Nous allons voir ensemble comment ce MV arrive à jouer entre comédie et tragédie.
Contents
Act 1 : Black Widow
Tout commence avec des plans qui mettent le spectateur face à une constatation : notre personnage est mort.
Et ceux-ci en reprenant habilement non seulement les codes mais aussi le découpage des plans de la célèbre scène du meurtre du film psychose d’Hitchcock.
Ces plans s’accompagnent d’une sirène de police et comme par hasard, la chanson débute avec la phrase « Somebody call the police ». Coïncidence, je ne pense pas !
Ces premières scènes du MV interviennent comme ce que l’on appellerait dans un roman une anticipation. Nous voyons à l’avance ce qui adviendra par la suite. Et en effet, SPOILER ALERT, à la fin de la chanson, nous revenons à ce zoom arrière sur le visage de notre personnage, allongé au sol.
Il s’agit désormais de comprendre comment notre héros se retrouve étalé au sol de cette salle de bain. Pourquoi donc est-il voué à la mort ? C’est là que débute la trame d’une histoire.
Un show télévisé…
Celle-ci débute de manière très comique dans une sorte de show bizz télévisé qui nous rappelleras sans aucun doute « The King of Comedy » de Scorsese ou encore « Brazil » de Terry Gilliam :
Assez soft je l’admets pour la référence à « Brazil ».
Mais on a néanmoins l’usage d’un format télévisuel comme pour le début de ce film.
Une manière subtile de montrer déjà aux spectateurs dans quel monde et état d’esprit il évolue.
Dans Brazil, le héros est malheureux car prisonnier d’une ville tentaculaire et cauchemardesque, régie par l’hostilité de tous contre tous.
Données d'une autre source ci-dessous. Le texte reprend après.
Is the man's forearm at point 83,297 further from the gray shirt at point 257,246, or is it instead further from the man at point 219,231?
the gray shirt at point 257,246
Il cherche alors à s’évader à travers ses rêves, de ce monde qu’il subit passivement le jour.
Dans « La valse des pantins » (= The king of Comedy), le héros est persuadé d’être un génie comique méconnu et suite à un entretien de quelques minutes avec un animateur d’une émission télévisée, il se convainc qu’ils sont devenues amis et qu’il lui accordera une place de choix dans son émission.
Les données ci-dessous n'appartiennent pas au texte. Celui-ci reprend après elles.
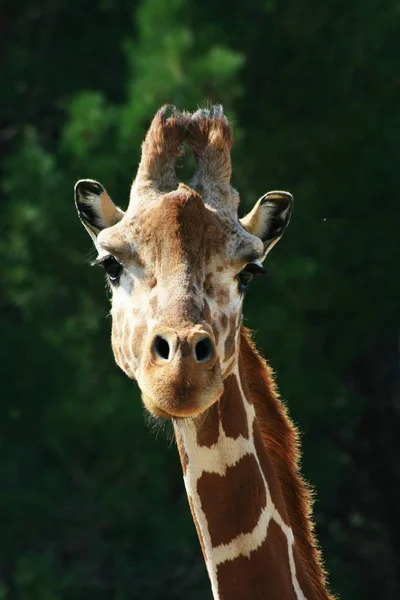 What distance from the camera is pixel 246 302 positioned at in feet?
44.6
L’histoire en somme d’un homme qui court éperdumment vers un objectif qu’il n’atteindra jamais. Un choix de références qui n’est pas anodin une fois que vous aurez découvert le reste de cet analyse !
Mais revenons-en à la mise en scène qui est très théâtrale avec des éléments propre au spectacle : rideau, micro, costume scintillant. Mais aussi et surtout les expressions faciales de Changmin très exagéré.
Tout ceci participe à cette première ambiance très jovial, comique et grotesque.
…grotesque…
Celle-ci ne dure pas car notre héros est bousculé ou dérangé à répétitions et est interrompu dans son « discours » à plusieurs reprises. On le ressent par la mise en scène qui évolue, les changements de plans soudain, les mouvements de caméras, un zoom avant puis arrière. Mais aussi par la gestuelle même de Changmin qui se recoiffe, se replace puis semble prêt à reprendre mais est sans cesse dérangé.
Mais dérangé par qui ou par quoi ?
…mené par une Black Widow…
Déjà cette araignée qui trône sur son épaule comme une épée de Damoclès prête à l’achever en le mordant. D’ailleurs, les paroles de la chanson rentre en concordance avec cette « Black Widow », araignée veineneuse qui peut tuer un homme.
On comprends déjà par les paroles de la chanson que la femme dont parle la chanson est comparé à une Black Widow. Elle est dangereuse. Ce pourquoi nous avons aussi la présence de femmes sur le plateau.
Ce n’est encore une fois pas anodin que nous ne verrons pas l’un et l’autre sur le même plan. Car elles ne font qu’un. D’ailleurs son maquillage et ses vêtements noirs concorde avec cette théorie.
La « Black Widow » comme nous l’appellerons dans cette analyse est alors une métaphore de la mort. La femme est obsédé par lui au point où cela en devient dangereux. On peut dire que l’amour est devennu poison mortel :
You are like a black widow, a black widow. (…) You are poison to me.
https://genius.com/Genius-english-translations-max-changmin-maniac-english-translation-lyrics
Et c’est cet amour qui le rendra fou : « get tired and go crazy ».
…qui le rend fou
Il part alors se coucher, épuiser de ce show grotesque et se rend dans une chambre. Scène amorcée par un changement de lumière drastique annonçant la fin du show.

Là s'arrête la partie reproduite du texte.